Does Your Culture Support CRM?
At the Frost & Sullivan executive summit on CRM held this week in Scottsdale, AZ, today's overarching message was this: If your company does not fully embrace CRM, the initiative will "drive off a cliff."
"It's a behavior called CRM, not a technology," said Mark Sauter, president and CEO, GTP Associates Inc., speaking on the culture changes necessary to support CRM. And because changing behavior is always a long-term process, he said, companies need to begin cultural changes early in the CRM implementation.
Companies want their people to use new CRM processes, but what's most important is getting those employees to think differently, said HP's CRM director, Mike Overly.
"The philosophy, 'If we build [CRM] right it will sell itself' is not true," Sauter said. An organization needs to be sure that its employees know what it means to that company to deliver customer value. Once that is understood, companies can begin to do the team building and put the tools and strategies in place to deliver that value and build loyalty, he said.
Sauter said that this culture change is unlikely to materialize unless CRM has executive-level support to the extent that company leaders are role models of the behaviors they expect from customer-facing employees.
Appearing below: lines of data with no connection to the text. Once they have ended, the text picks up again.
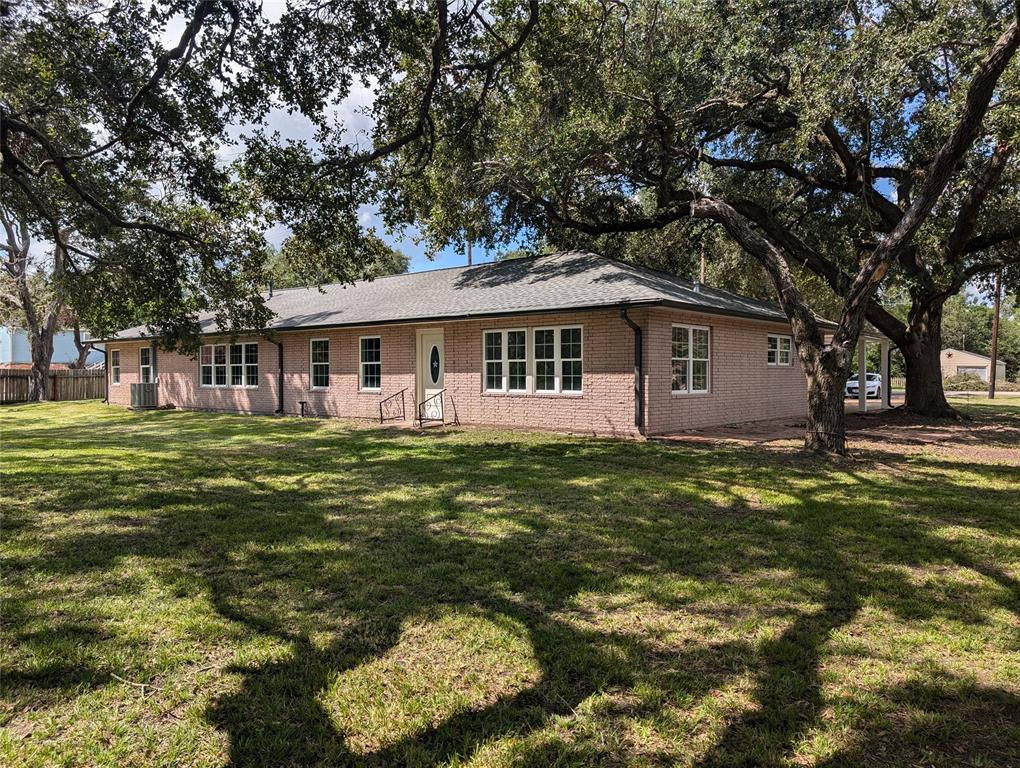 230 E Phillips Road, Angleton, Texas image 34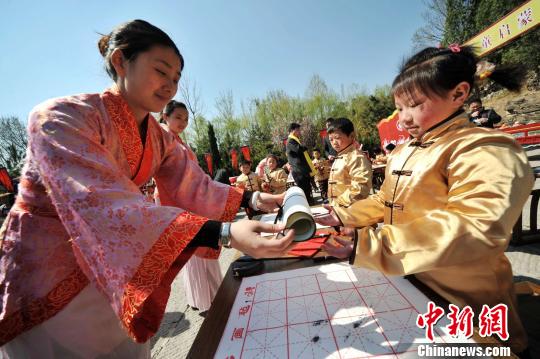 圖為曲阜舉行學(xué)童啟蒙開筆禮儀式,。　曲阜市委宣傳部供圖 攝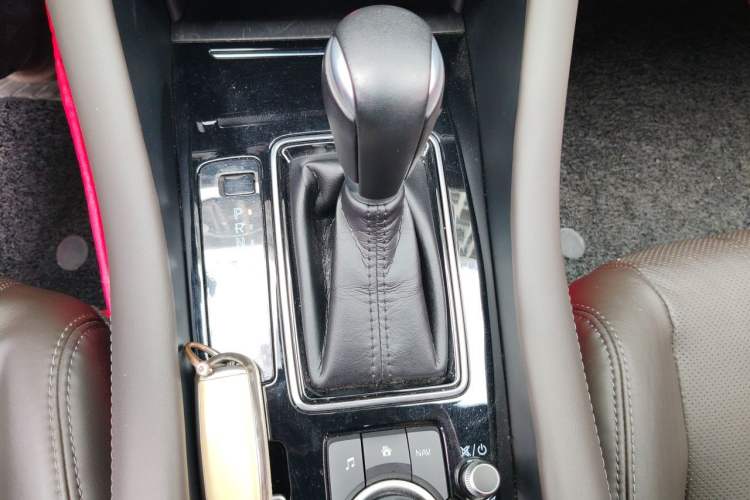Used Mazda Atenza 2020 2.5L Sky Blue Prestige Edition Gear Lever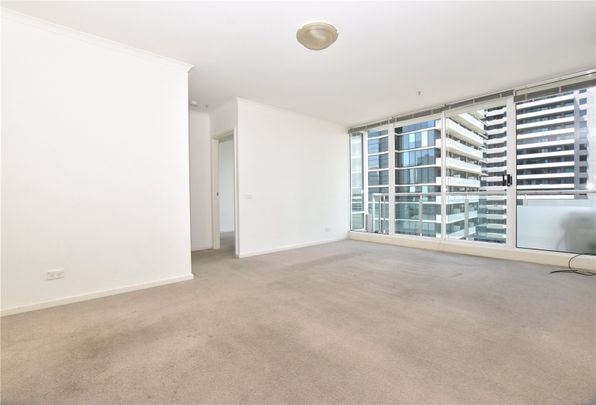 149/79 Whiteman Street - Photo 1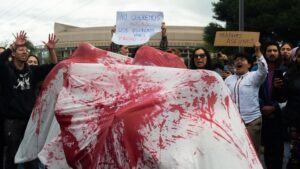 Manifestantes sostienen pancartas durante protestacontra la violencia en Ecuador. SOPA Images Limited / Legion-Media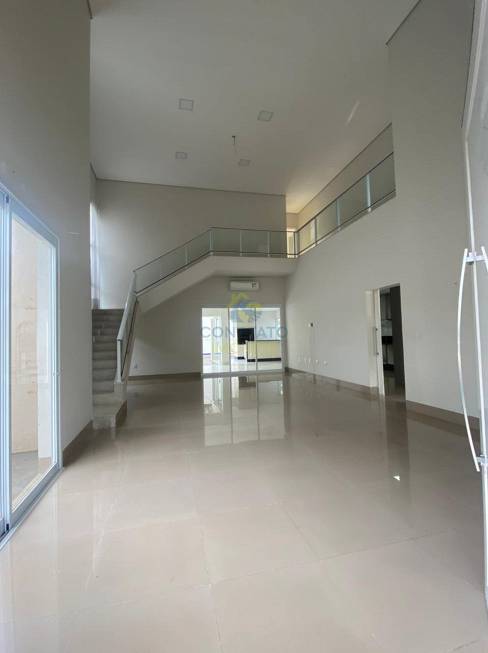 Foto 3 de Casa de Condomínio com 3 Quartos para alugar, 328m² em Condomínio Residencial Florais dos Lagos , Cuiabá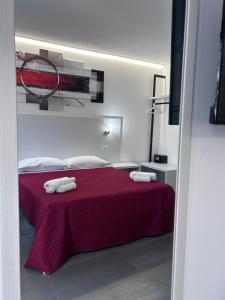Postel nebo postele na pokoji v ubytování Longevity Hotel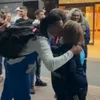 Ευρωπαϊκό Πρωτάθλημα Στίβου: Η υποδοχή του Εμμανουήλ Καραλή από τα μέλη της Εθνικής ομάδας μετά την κατάκτηση του ασημένιου μεταλλίου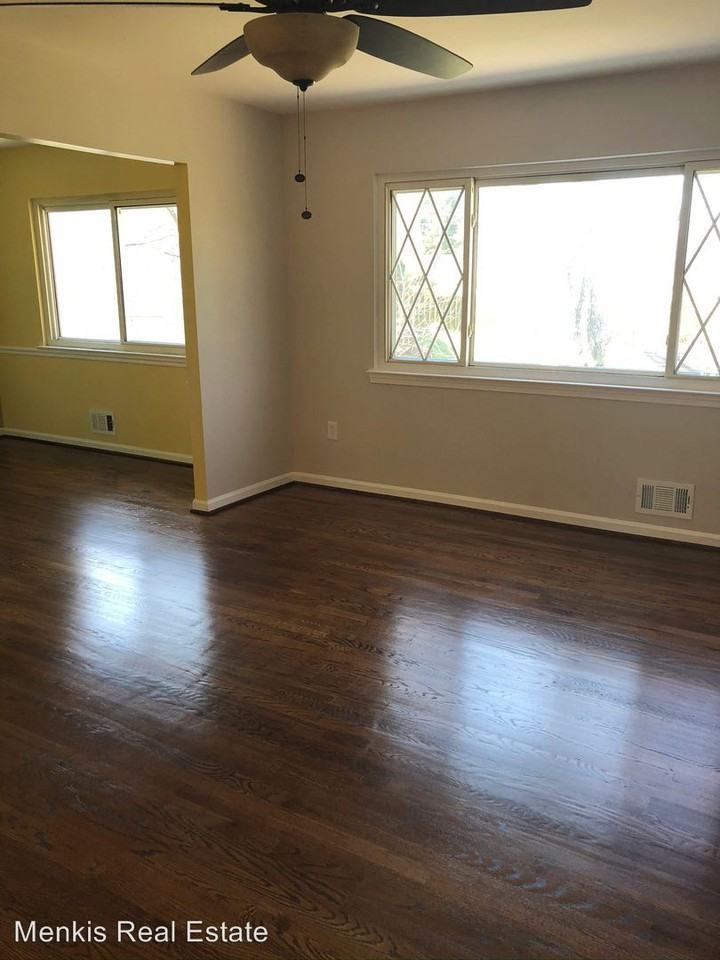 13100 Cabinwood Drive - Photo 3 of 23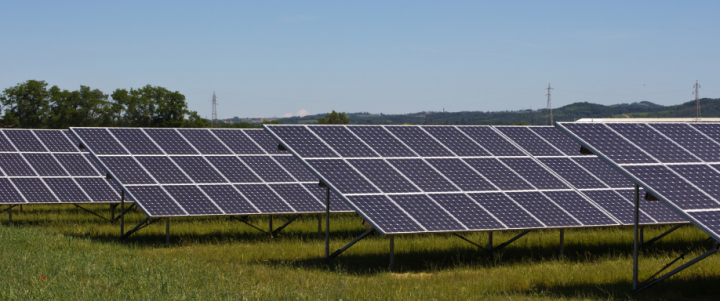 ¿Se pueden mezclar paneles solares diferentes?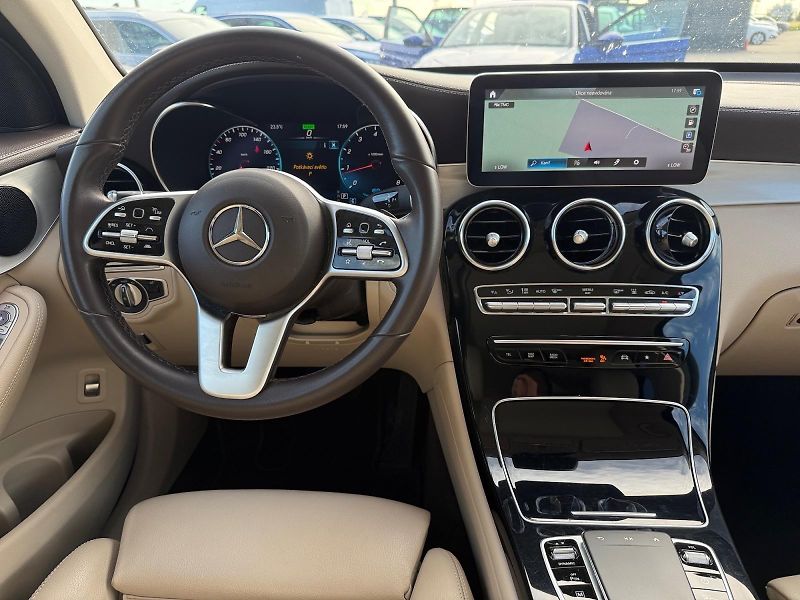 Mercedes-Benz GLC (2022) 200 145kW 4MATIC CZ DPH - fotka 10 z 11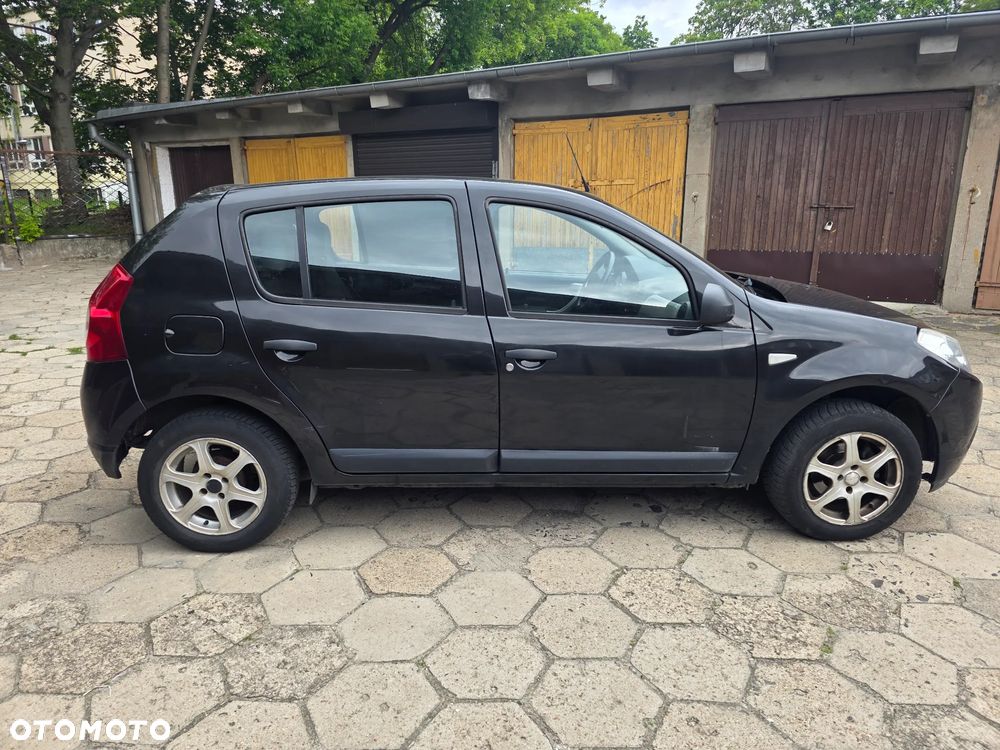 Dacia Sandero - 6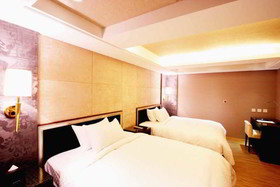 Royal Group Hotel Chun Shan Branch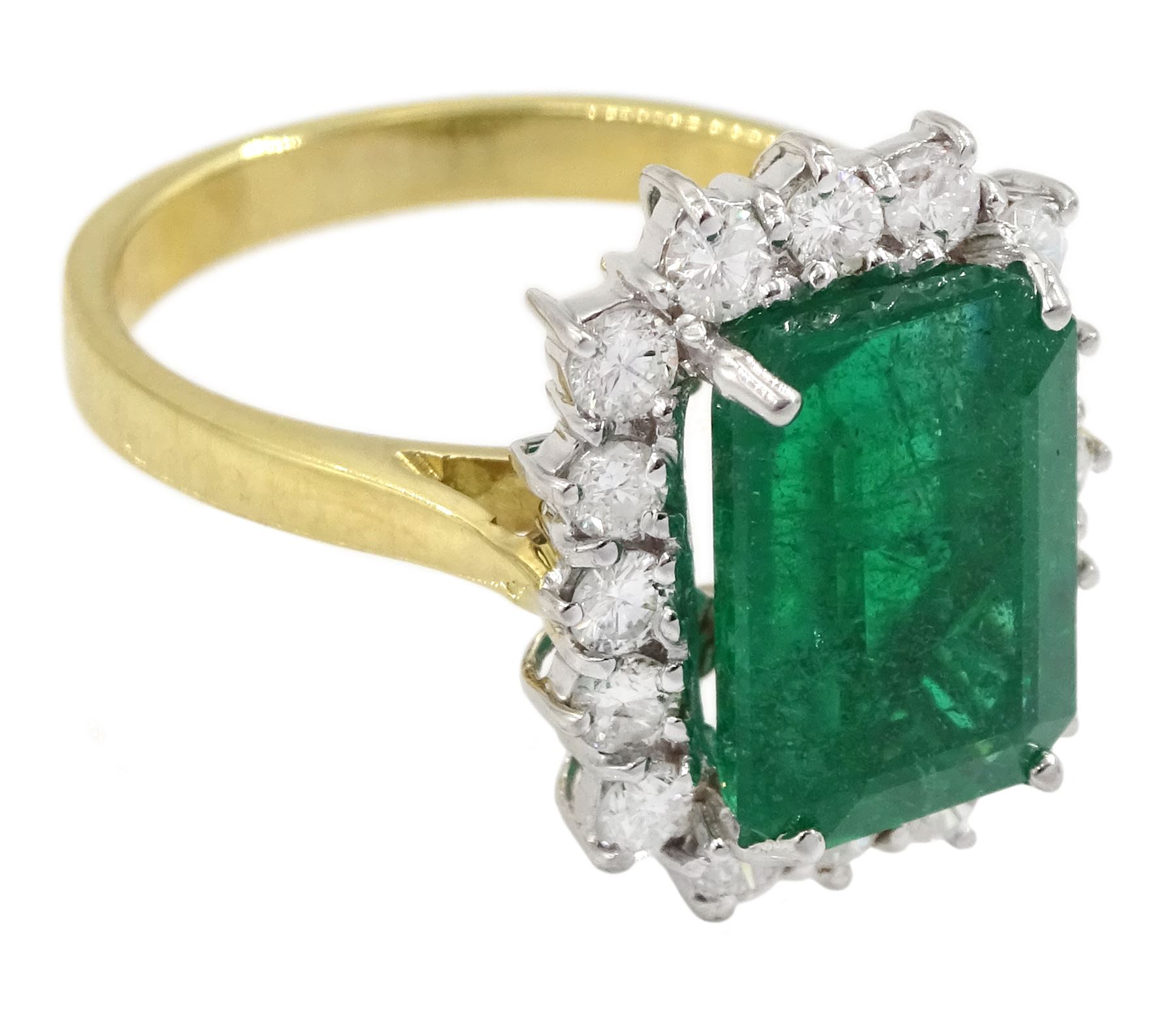 18ct gold emerald cut emerald and round brilliant cut diamond cluster ring - Image 3 of 4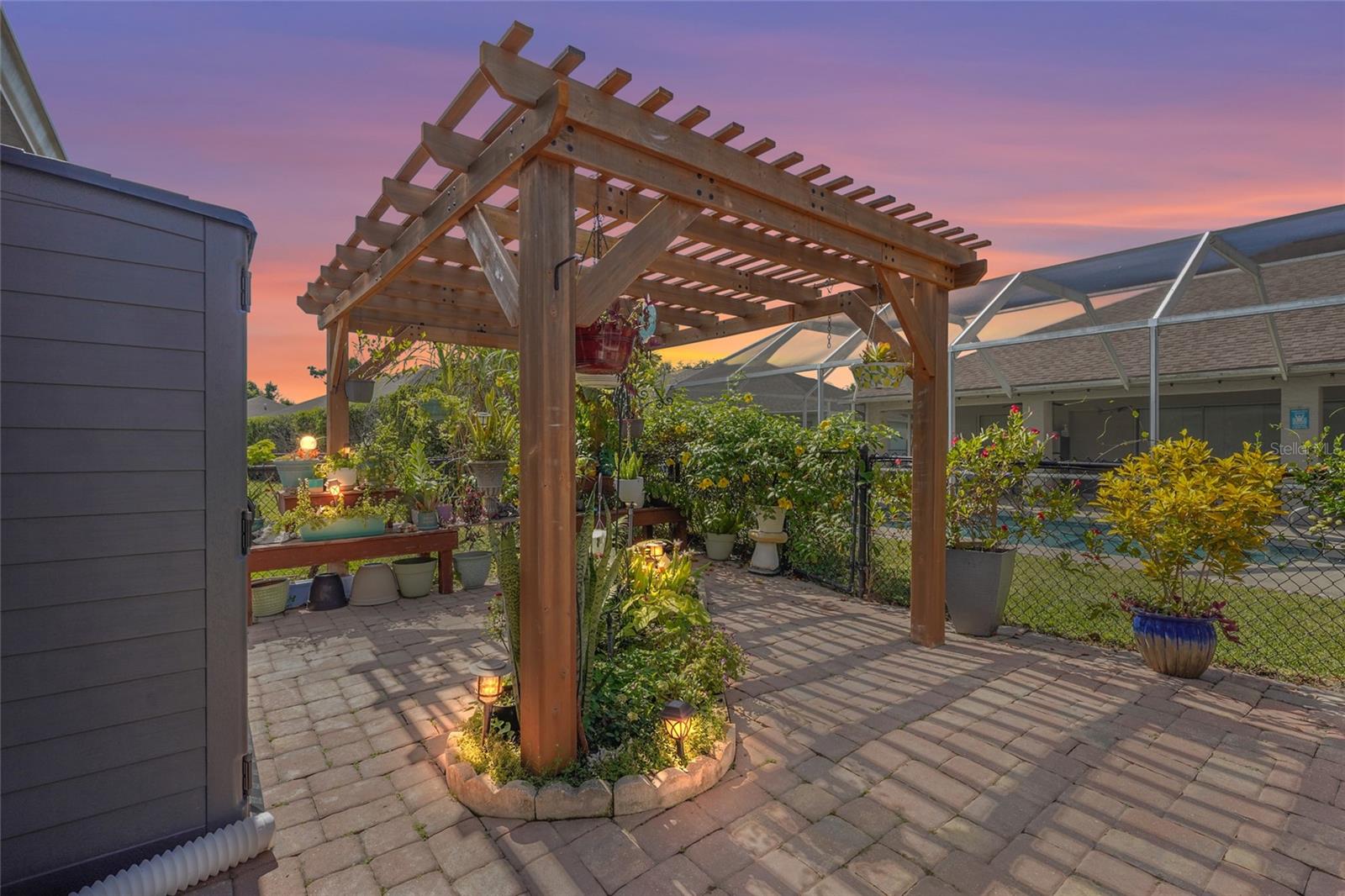 BRIARWOOD - Residential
HP's Overly echoed Sauter's sentiment, saying that executive support is crucial to CRM success. Overly said that one way to get and keep executive-level support is to keep CRM strategies focused on the company's business goals.
That philosophy works for Peter Weedfald, vice president of strategic marketing and new media for Samsung Electronics America Inc.: "My goal is to [use CRM to] suck the air out of my competition." But to do so it's necessary to unify the company under one CRM vision, he said. "A prelude to failure is not building a CRM umbrella over every aspect of your business," Weedfald said.